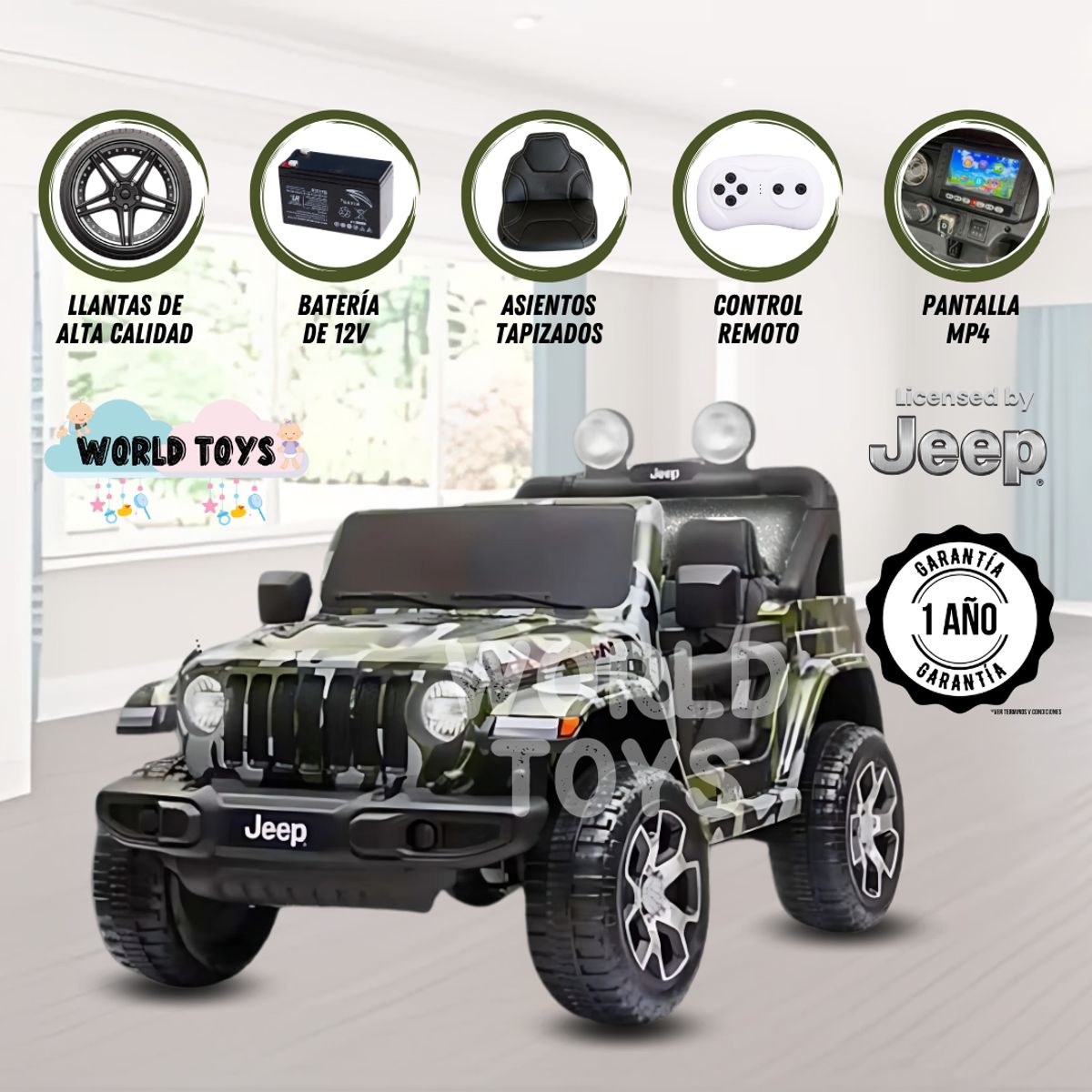 JEEP - Carro a Batería «JEEP RUBICON» Licenciado Green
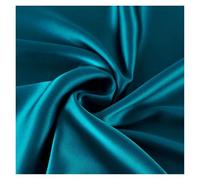 Tela De Raso Satin Tela de seda morera de 22 mm, ancho 114 cm, teñida lisa, súper, ideal for bodas, vestidos, ropa de cama, etc.(6-New Peacock Blue,1 meter)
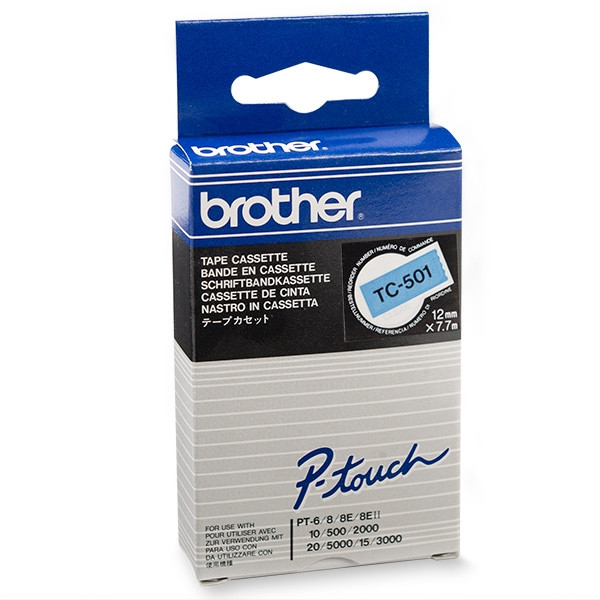 Brother TC-501 taśma, nadruk czarny na niebieskim tle, 12 mm, oryginalna TC-501 088852 - 1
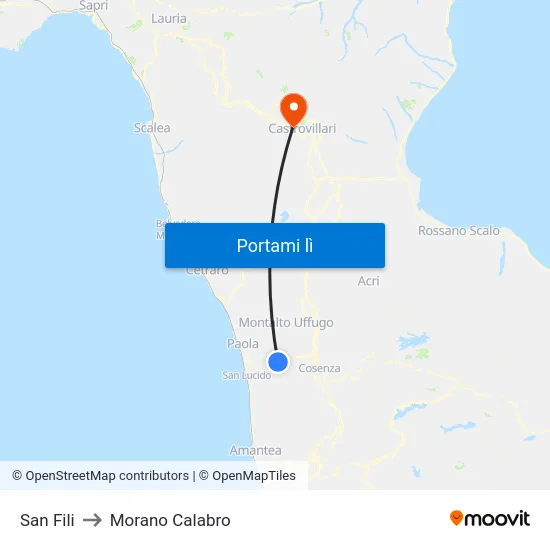 San Fili to Morano Calabro map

## EXERCISE AIM
Copy out the whole listing exactly. Skip its pictures.

## ANSWER TO THE EXERCISE
 JEEP - Carro a Batería «JEEP RUBICON» Licenciado Green
 Tela De Raso Satin Tela de seda morera de 22 mm, ancho 114 cm, teñida lisa, súper, ideal for bodas, vestidos, ropa de cama, etc.(6-New Peacock Blue,1 meter)
 Brother TC-501 taśma, nadruk czarny na niebieskim tle, 12 mm, oryginalna TC-501 088852 - 1
 San Fili to Morano Calabro map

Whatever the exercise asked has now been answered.